In this particular test flight we didn’t have the physical parachute installed, so it wouldn’t have helped anyway, but it’s worrying to know that we can receive on_ground when still in the air.

A point with discussing. I’ll bring it up at the devcall.

Peter

I think there is a case here for seeing if we could do better. Even
assuming my theory is correct - that the vehicle wasn’t configured for
detecting loss-of-RC - we should see if we can do better. This could have
been the other way around; it could have been on the ground, disarmed, and
the transmitter finally latches on with the arm/disarm switch in the “arm”
state - that might lead to inadvertant arming, which would be bad.

There seems to be a mix of “edge-triggered” and “level-triggered” concepts here, which leads to confusing dependency on the order of events.
The “arm by companion computer” is edge-triggered, which overrides the position of the “level-triggered” RC switch, but only until the signal is lost and then regained, at which point this signal is what matters, without any active action being taken by the pilot.
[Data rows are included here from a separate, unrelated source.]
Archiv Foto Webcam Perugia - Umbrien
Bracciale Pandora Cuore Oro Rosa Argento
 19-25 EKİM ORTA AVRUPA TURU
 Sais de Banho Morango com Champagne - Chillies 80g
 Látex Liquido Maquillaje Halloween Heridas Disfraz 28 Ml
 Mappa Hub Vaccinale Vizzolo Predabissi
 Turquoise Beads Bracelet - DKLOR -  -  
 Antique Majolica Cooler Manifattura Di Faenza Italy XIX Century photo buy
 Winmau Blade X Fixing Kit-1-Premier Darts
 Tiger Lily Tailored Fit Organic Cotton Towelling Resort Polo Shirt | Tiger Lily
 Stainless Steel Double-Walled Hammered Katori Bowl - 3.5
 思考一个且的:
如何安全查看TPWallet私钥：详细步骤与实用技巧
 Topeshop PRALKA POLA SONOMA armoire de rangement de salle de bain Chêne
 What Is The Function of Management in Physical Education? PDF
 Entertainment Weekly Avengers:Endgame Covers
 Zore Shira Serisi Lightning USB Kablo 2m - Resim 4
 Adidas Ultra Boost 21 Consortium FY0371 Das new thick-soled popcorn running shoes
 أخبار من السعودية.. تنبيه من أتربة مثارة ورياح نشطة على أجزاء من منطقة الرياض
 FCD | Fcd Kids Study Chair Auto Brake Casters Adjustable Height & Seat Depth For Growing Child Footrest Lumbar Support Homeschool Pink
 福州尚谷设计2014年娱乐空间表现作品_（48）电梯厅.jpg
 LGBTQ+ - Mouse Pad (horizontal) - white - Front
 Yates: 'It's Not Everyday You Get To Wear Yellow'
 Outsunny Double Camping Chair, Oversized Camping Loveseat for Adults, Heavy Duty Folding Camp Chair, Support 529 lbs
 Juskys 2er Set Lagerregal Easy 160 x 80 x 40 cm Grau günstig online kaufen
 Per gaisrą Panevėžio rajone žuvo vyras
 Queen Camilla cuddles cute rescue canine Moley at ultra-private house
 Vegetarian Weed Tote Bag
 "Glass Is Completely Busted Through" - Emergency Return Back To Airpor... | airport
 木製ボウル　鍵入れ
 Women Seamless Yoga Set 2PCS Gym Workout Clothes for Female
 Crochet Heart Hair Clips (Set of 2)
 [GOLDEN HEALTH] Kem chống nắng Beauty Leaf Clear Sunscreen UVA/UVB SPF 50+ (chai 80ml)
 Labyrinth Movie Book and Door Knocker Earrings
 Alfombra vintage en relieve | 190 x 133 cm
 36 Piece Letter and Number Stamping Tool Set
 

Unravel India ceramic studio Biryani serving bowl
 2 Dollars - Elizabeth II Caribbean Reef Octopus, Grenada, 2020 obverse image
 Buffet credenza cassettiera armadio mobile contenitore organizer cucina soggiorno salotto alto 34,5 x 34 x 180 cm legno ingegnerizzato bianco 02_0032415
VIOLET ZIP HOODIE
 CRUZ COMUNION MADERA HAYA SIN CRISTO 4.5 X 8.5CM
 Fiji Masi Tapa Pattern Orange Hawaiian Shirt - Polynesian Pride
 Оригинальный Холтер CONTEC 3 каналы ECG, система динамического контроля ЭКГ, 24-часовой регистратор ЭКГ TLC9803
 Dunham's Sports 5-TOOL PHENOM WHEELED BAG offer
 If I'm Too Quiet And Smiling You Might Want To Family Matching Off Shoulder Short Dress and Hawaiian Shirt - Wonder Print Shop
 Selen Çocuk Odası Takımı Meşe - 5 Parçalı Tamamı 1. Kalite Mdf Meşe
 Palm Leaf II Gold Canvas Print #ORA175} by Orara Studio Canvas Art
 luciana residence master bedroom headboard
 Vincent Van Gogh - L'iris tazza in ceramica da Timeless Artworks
Surprising.

One way to improve this is to move to tri-state logic. Each command source returns one of (ON, DONT_CARE_OR_NO_INFO, OFF). The sources are then combined in priority order: the highest priority source is checked first. If this source is DONT_CARE, move on to the next in the priority list.
This would provide determinism and clarity that would allow configuring the system in a way that makes sense for specific requirements.
Of course, it would be possible to misconfigure the system even with this approach - such as have the intermittently connected RC transmitting “OFF” state for the arming bit.

not quite correct, when FS_THR_ENABLE=0 then all RC failsafe is ignored, no matter if SBUS or any other

I’ll be resurrecting https://github.com/ArduPilot/ardupilot/pull/10166

Note the last comment on that PR re: activating parachutes - it’s unrelated to the parachute issue mentioned in this PR.

We did discuss the “landed” state today. It’s hard to change in ArduPilot - and if we were to change it, it would start to be even more heuristic than it currently is!

Perhaps you could arm your parachute based on height-above-terrain or just relative-alt instead?

We do not intend to have an RC in production, so this particular case isn’t critical. Are there other cases where could encounter landed_state_on_ground state when not actually on the ground?

That’s would require us to know the terrain, which we don’t.

I’ve found the bug and posted a quick fix here, I didn’t know about this issue. It’s a very old bug that is affecting all stable and development branches I think.
Bug report:

@Jaaaky,

Thanks for that fix, hopefully it will go out today in a new beta, Copter-4.0.3-rc1.

From discussion with @peterbarker, we think that this user’s crash is not caused by the bug you’ve found. Definitely the “keywords” are similar in that both happen when “RCInput: decoding…” is printed but we think this crash is caused by the RC receiver being turned on and the arming-on-a-switch being triggered (i.e. the transmitter switch was in the “disarm” position so when the transmitter was turned on it took effect)

The evidence for this is that this user’s log shows the altitude falling to the ground but if it was a watchdog reset the logs would have ended suddenly.